Eğitim, bir milletin geleceğini belirleyen en önemli unsurdur. Ancak bugün eğitim denildiğinde, çoğu zaman yalnızca meslek sahibi olmak ve sınav kazanmak akla geliyor. Oysa “Maarif davası, bir milletin varoluş davasıdır.” Çünkü bir milletin kaderini belirleyen, gençlerine verdiği eğitimdir. Eğer eğitim sadece bilgi vermekle sınırlı kalırsa, o toplum ruhunu kaybeder.
Nurettin Topçu’nun dediği gibi, “Maarif davamız, insanımızı sadece meslek sahibi yapmak değil, onu insan yapmak davasıdır.” Günümüzde okullar öğrencileri bilgiyle donatıyor, ancak onların manevi gelişimini göz ardı ediyor. “İlim, irfanla birleşmedikçe kuru bir ağaç gibidir.” Bilginin yanında irfan da verilmeli ki, eğitim gerçek anlamını bulsun.
Eğitimin temel amacı yalnızca bireylere meslek kazandırmak olmamalıdır. “Maarifin vazifesi, yalnız istidat sahiplerine diploma dağıtmak değil, ruhları yükseltmek, millete heyecan vermektir.” Okullardan çıkan gençlerin yalnızca teknik becerilere sahip olması yetmez; onların idealleri, ülküleri, vatan ve millet sevgileri de olmalıdır.
Topçu’nun şu sözü de eğitimin yönünü göstermektedir: “Hürriyet, insan ruhunun en büyük ihtiyacıdır.” Eğitim, bireylere sadece bilgi aktaran bir süreç olmamalı, aynı zamanda onların özgür düşünmesini, sorgulamasını ve üretmesini sağlamalıdır. Ezberci ve baskıcı bir eğitim anlayışı, gençlerin potansiyelini köreltir.

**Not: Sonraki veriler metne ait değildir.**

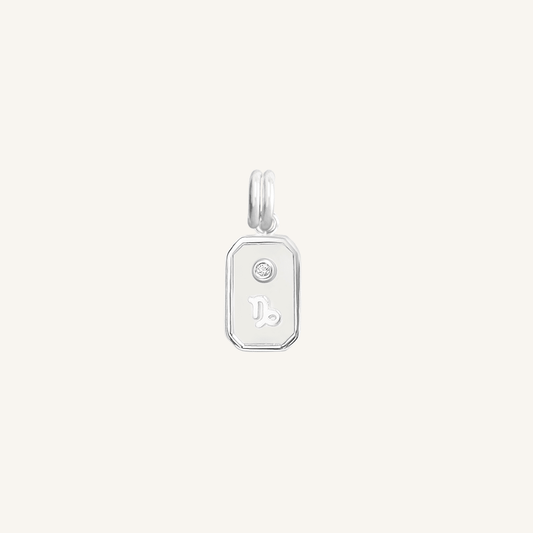 A silver rectangular shaped charm with the Capricorn zodiac symbol on it, designed with an iridescent finish.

Eğitimde ihmal edilen bir diğer husus ise ahlaki ve manevi eğitimdir. “Eğitim, insanın sadece aklını değil, ruhunu da terbiye etmelidir.” Eğer bireyler sadece bilgiyle donatılır, ancak ahlaki değerlerden yoksun bırakılırsa, toplum ilerleyemez. “Mektep, cemiyetin ruhunu yoğuran bir ocaktır.” Okullar, yalnızca ders anlatılan yerler değil, aynı zamanda toplumun geleceğini inşa eden mekanlar olmalıdır.

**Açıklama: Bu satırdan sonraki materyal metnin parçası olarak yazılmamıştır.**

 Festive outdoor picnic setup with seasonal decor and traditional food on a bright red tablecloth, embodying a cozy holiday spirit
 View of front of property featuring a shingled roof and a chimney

Gençlerin aldığı eğitim, sadece bireysel değil, aynı zamanda toplumsal bir meseledir. “Milletlerin geleceğini tayin eden, gençliğin aldığı terbiyedir.” Eğer gençler, milli ve manevi değerlerle yetiştirilmezse, ülkenin geleceği de tehlikeye girer. Bu yüzden eğitim, sadece bir akademik süreç olarak görülmemeli, aynı zamanda bir karakter ve şahsiyet terbiyesi olarak ele alınmalıdır.
“Mektepler yalnız bilgi yuvaları değil, ahlakın da mabedi olmalıdır.” Bilgi, ahlak ve vicdanla birleşmediğinde, eğitim gerçek anlamını yitirir. Okullardan mezun olan bireyler, yalnızca meslek erbabı değil, aynı zamanda iyi insanlar olmalıdır. “Mektep, yalnızca meslek öğreten bir yer değildir; o, insan ruhunu besleyen bir ilim ve irfan yuvasıdır.”

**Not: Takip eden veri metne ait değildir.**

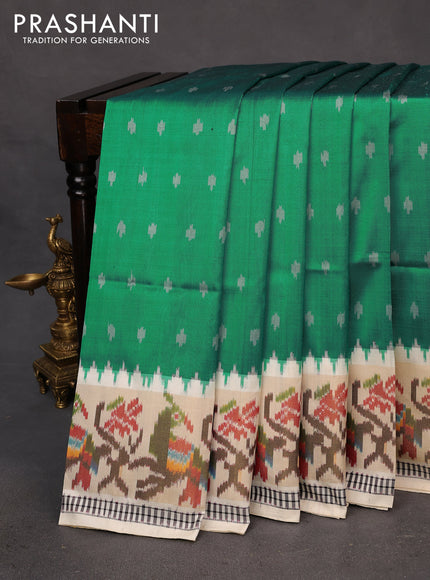 Pochampally silk saree teal green and cream with allover ikat butta weaves and temple design ikat woven zari border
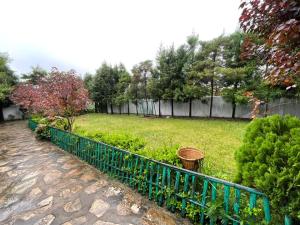 Jowai的住宿－Odyssey Stays Jowai - West Jaintia Hills，一个带蓝色栅栏和灌木的花园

Sonuç olarak, Nurettin Topçu’nun eğitim anlayışı, günümüz maarif sistemine ışık tutmaktadır. Eğer eğitimi sadece akademik başarıyla sınırlarsak, millet olarak gelişmemiz mümkün olmaz. Maarif davamız, hem aklı hem de ruhu besleyen bir eğitim anlayışını benimsemekle çözülecektir. Çünkü “Maarif davası, bir milletin varoluş davasıdır.”
Yeni maarif modeliyle, Nurettin Topçu’nun hayal ettiği ahlak ve irfan temelli eğitime ulaşacak, bilgiyi irfanla buluşturan bir anlayışla ideal insan yetiştirme yoluna girecek, eğitimi yalnızca meslek edindirme aracı olmaktan çıkarıp insan inşasına yönelterek medeniyet tasavvurunu hayata geçireceğiz.